Sensible valuation of mineral properties has become more critical through the current low phase of the market cycle. Valuation of mineral properties at the exploration stage is an area where both valuators and users of valuations need to understand the challenges and uncertainties involved. Sorting the wheat from the chaff can be challenging for non-technical readers of such valuation reports. However, these readers can look for certain aspects in the reports to satisfy themselves as to the quality of the work and the confidence they can have in the assigned values.
The valuator, as defined in the CIMVal Standards and Guidelines for Valuation of Mineral Properties (which can be found at www.cim.org, and are being updated) must have the appropriate qualifications and exploration experience relevant to the property being valued, so that the requirements of the relevant national reporting standard (e.g., CIMVal standards and guidelines in Canada, the VALMIN code in Australia and the SAMVAL code in South Africa) can be satisfied. His or her certificate, attesting to these qualifications and experience, should be included in the report. Except in limited circumstances, which must be explained, the valuator should be independent and undertake a site visit to the property.
Values should be derived using more than one valuation method whenever possible. The method applied depends on the nature of the valuation, the development status of the mineral property, and the extent and reliability of available information.
There are three generally accepted valuation approaches in the mining industry: income approach, which is based on expected benefits, usually in the form of discounted cash flow; cost approach, based on the principle of contribution to value through past exploration expenditures; and market approach, based on actual or comparable transactions.
Income approaches are applied to later-stage mineral resource/reserve and development properties (and are therefore not discussed further in this article), with cost or market approaches for exploration and early stage mineral resource properties.
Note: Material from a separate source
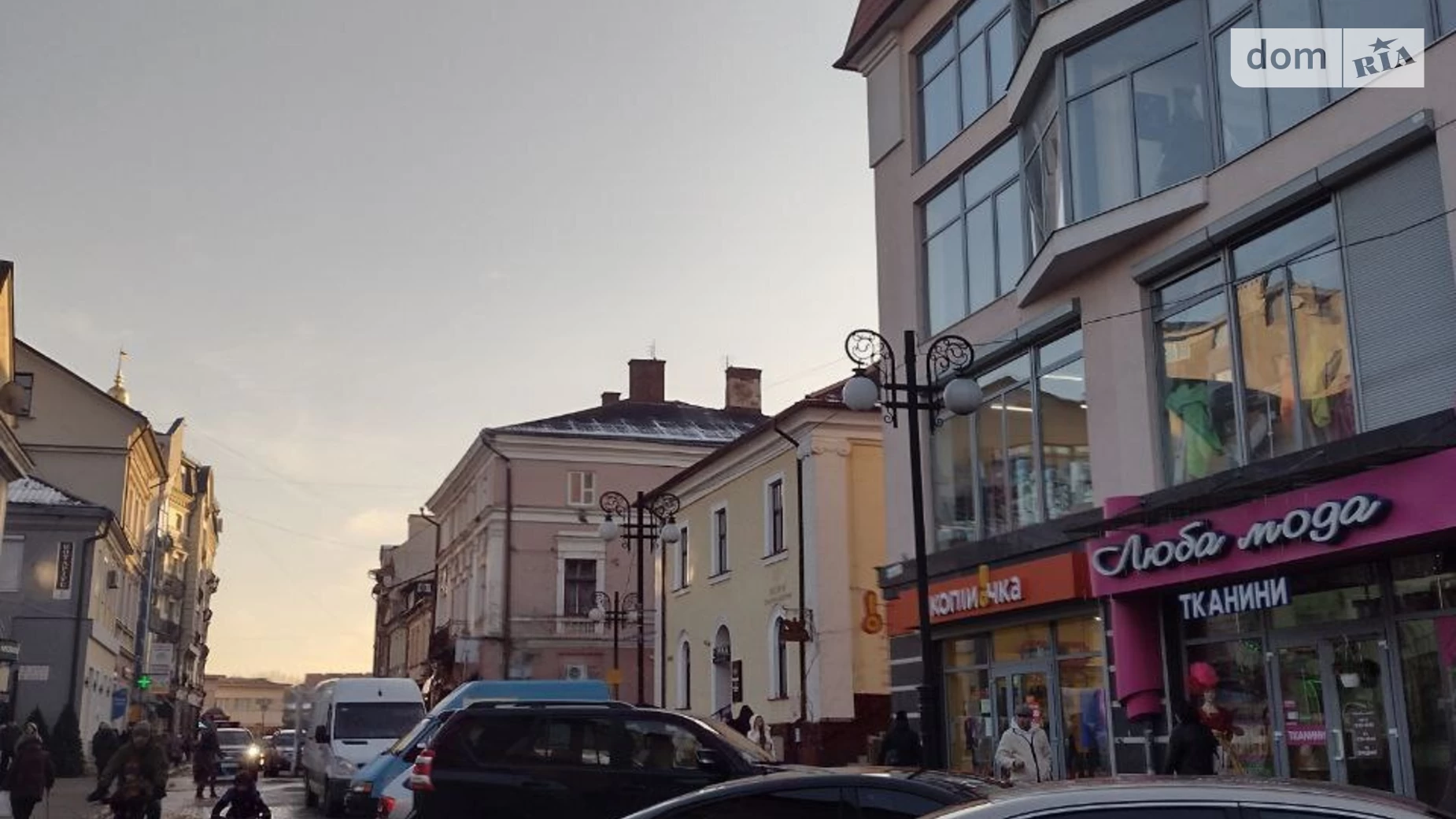 вул. Новгородська, 34 Центр Івано-Франківськ, цена: 15000 $ - фото 3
Any resources or reserves relied upon should comply with, or be reconciled with, the relevant national reporting standard, in Canada’s case, with the CIM Definition Standards on Mineral Resources and Reserves, which are referenced by National Instrument 43-101.
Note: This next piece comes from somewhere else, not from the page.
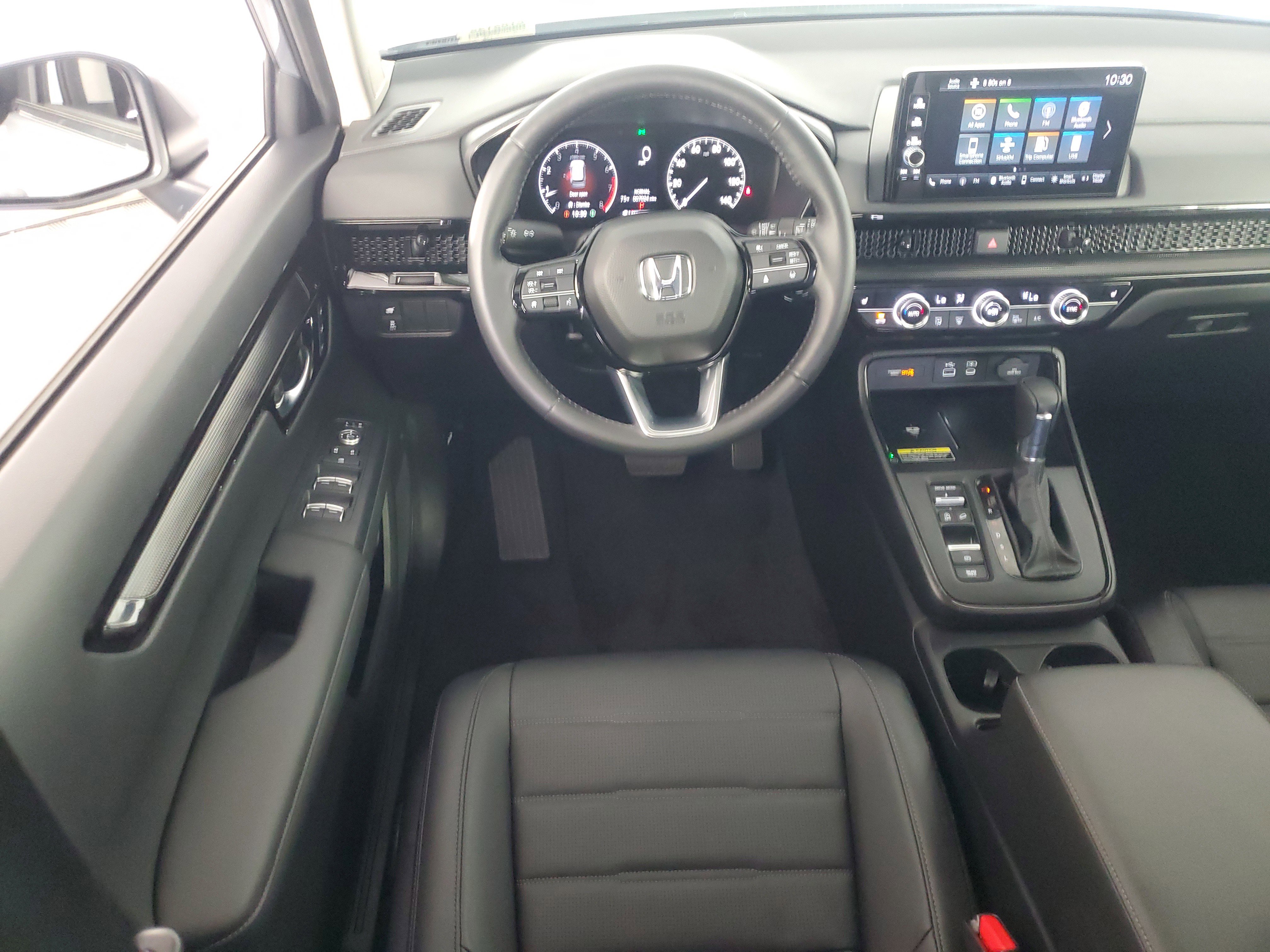 Certified 2025 Honda CR-V EX-L image 14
With respect to the cost approach, there are different philosophies on the use of expenditure that is planned or committed, but not spent at the time of the valuation. One view (to which the author subscribes) is such that planned expenditures should not be included, while another view is that it is reasonable to include warranted future costs.
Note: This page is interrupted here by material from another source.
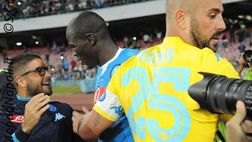 La gazzetta dello Sport scrive quelle che sono le idee di Sarri per la prossima stagione:
<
Appendix 3G: Valuation Standards and Guidelines for Mineral Properties of the TSX Venture Exchange Disclosure Obligations for Mining Companies states that “the exchange does not generally accept the inclusion of warranted future expenditures for the purposes of the appraised value method.”
Whichever approach is adopted, the report must make it clear whether, and to what extent, future costs have contributed to the valuation.
One of the main market approaches is comparable transactions (sometimes known as the “real estate” method). This method can provide very useful data on which to base a valuation if a reasonable number of truly comparable transactions can be found.
Unfortunately, this is often not the case, and professional judgments have to be made on the basis of a few (if any) truly comparable transactions, and a larger number of only partly comparable transactions. If a reasonable database of values can be compiled, then derivative methods such as value-per-unit area of the property, value per unit of contained metal in mineral resources or mineral reserves can be applied.
Market valuation approaches may involve analyzing the terms of an exploration option or joint-venture agreement in order to convert them into the equivalent of a cash transaction at the time of the deal. This is based on the rationale that, in being prepared to incur expenditure to earn an interest in (or farm-in to) an exploration property, the purchaser is placing a monetary value on the vendor’s interest at the time that the deal is made. That value is referred to as the “deemed expenditure” and it usually represents the full value of the property at the time of the deal.
There are generally four components to a joint venture or farm-in agreement:
Cash — This is usually relatively easy to convert to present value. However, if the transaction involves time payment deals or payments dependent on future events, such as a decision to mine, the relevant cash amounts need to be discounted for time and probability of the future event occurring.
Shares — These should be converted to cash using the share price at the time of the deal and treated like cash payments for future amounts. Conversion can be more complex if the shares are in an unlisted company.
Exploration expenditures — Annual exploration commitments are usually part of option/farm-in/joint-venture agreements, with those after the first year optional along with the cash and share commitments. These also need to be discounted for time and for the probability that they will be incurred.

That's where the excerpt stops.